- WORK TASK -
If a record holds a picture, leave the picture out and restate everything else word for word.

------------------------------

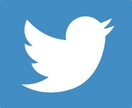 1日20分の非常識なTwitter運用法を教えます フォロワー増加し見込み客を獲得する専門コンサルタントの秘奥義 イメージ5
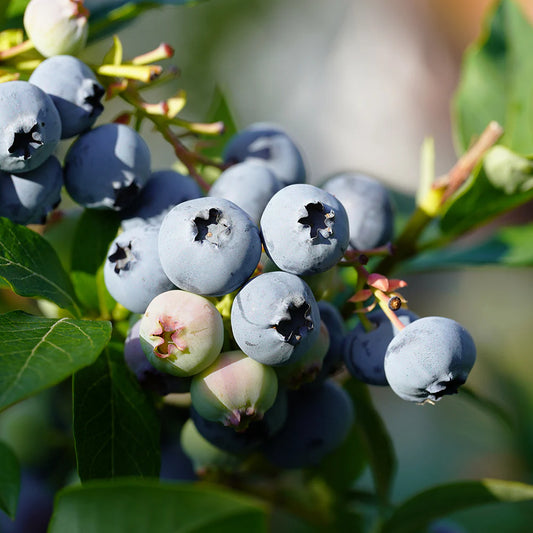 Blueberry - Hannah's Choice (Northern Highbush)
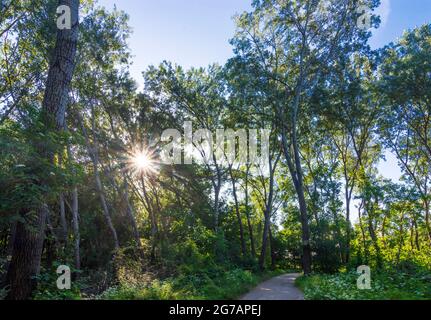 Vienne, arbres à Lobau, partie du parc national Donau-Auen (Parc national du Danube-Auen) en 22. Donaustadt, Vienne, Autriche Banque D'Images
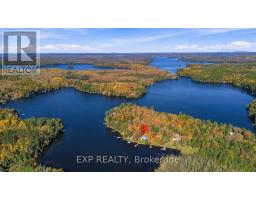 56 Gilmour Point Road, North Kawartha, ON K0L1A0 Photo 38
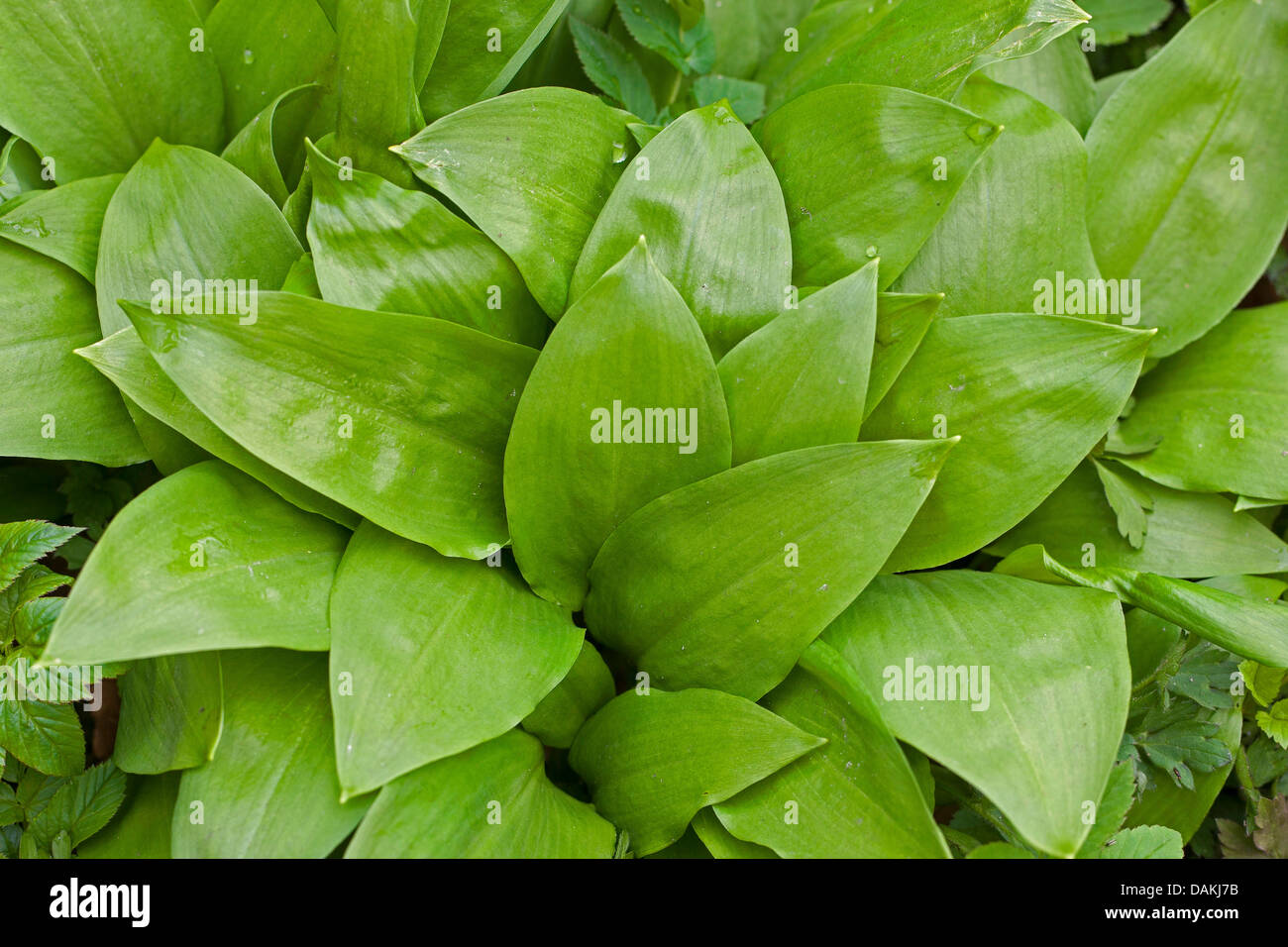 Bärlauch, Stoffen, Bärlauch, breitblättrigen Knoblauch, Holz Knoblauch, Bär-Lauch, Bärlauch (Allium Ursinum), Blätter, Deutschland Stockfoto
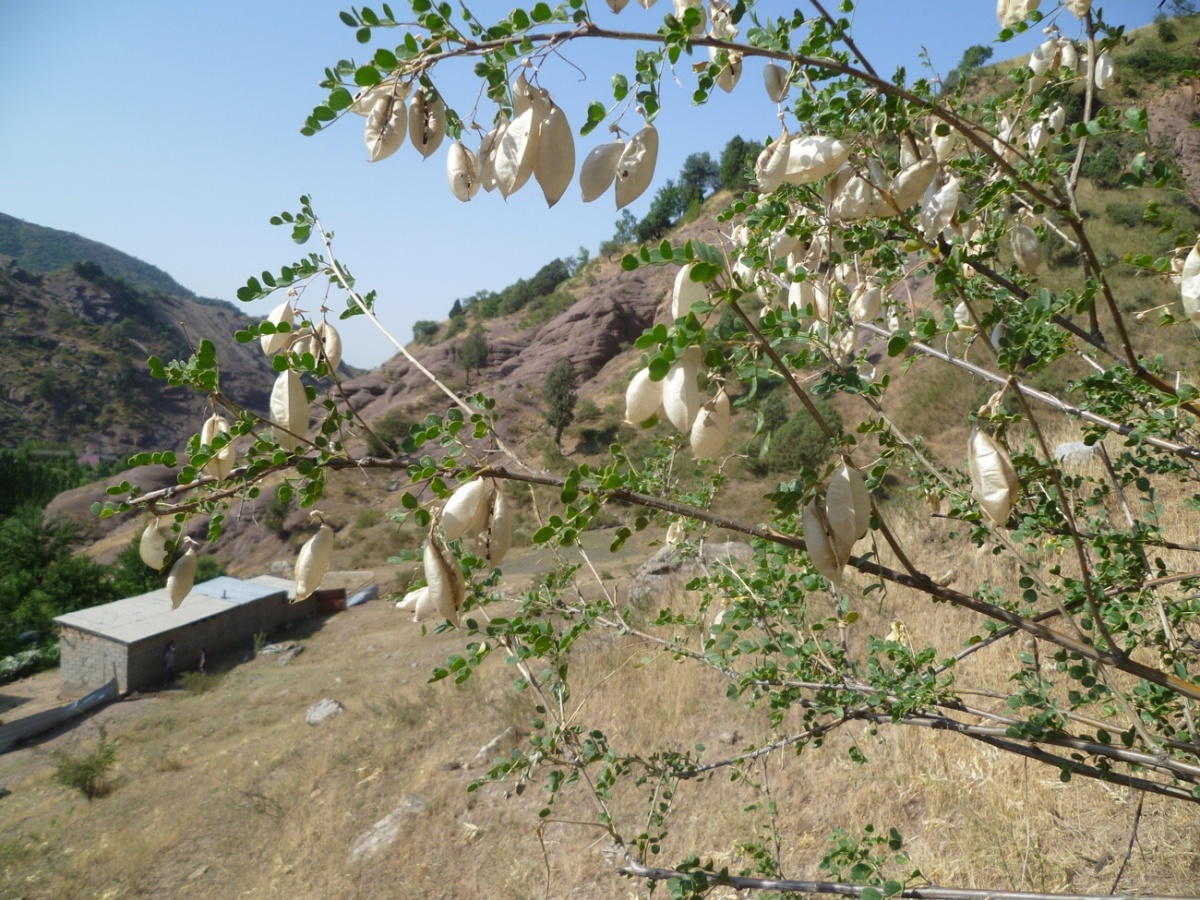 Image of Colutea paulsenii specimen.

------------------------------

- REPLY TO THE TASK -
 1日20分の非常識なTwitter運用法を教えます フォロワー増加し見込み客を獲得する専門コンサルタントの秘奥義 イメージ5
 Blueberry - Hannah's Choice (Northern Highbush)
 Vienne, arbres à Lobau, partie du parc national Donau-Auen (Parc national du Danube-Auen) en 22. Donaustadt, Vienne, Autriche Banque D'Images
 56 Gilmour Point Road, North Kawartha, ON K0L1A0 Photo 38
 Bärlauch, Stoffen, Bärlauch, breitblättrigen Knoblauch, Holz Knoblauch, Bär-Lauch, Bärlauch (Allium Ursinum), Blätter, Deutschland Stockfoto
 Image of Colutea paulsenii specimen.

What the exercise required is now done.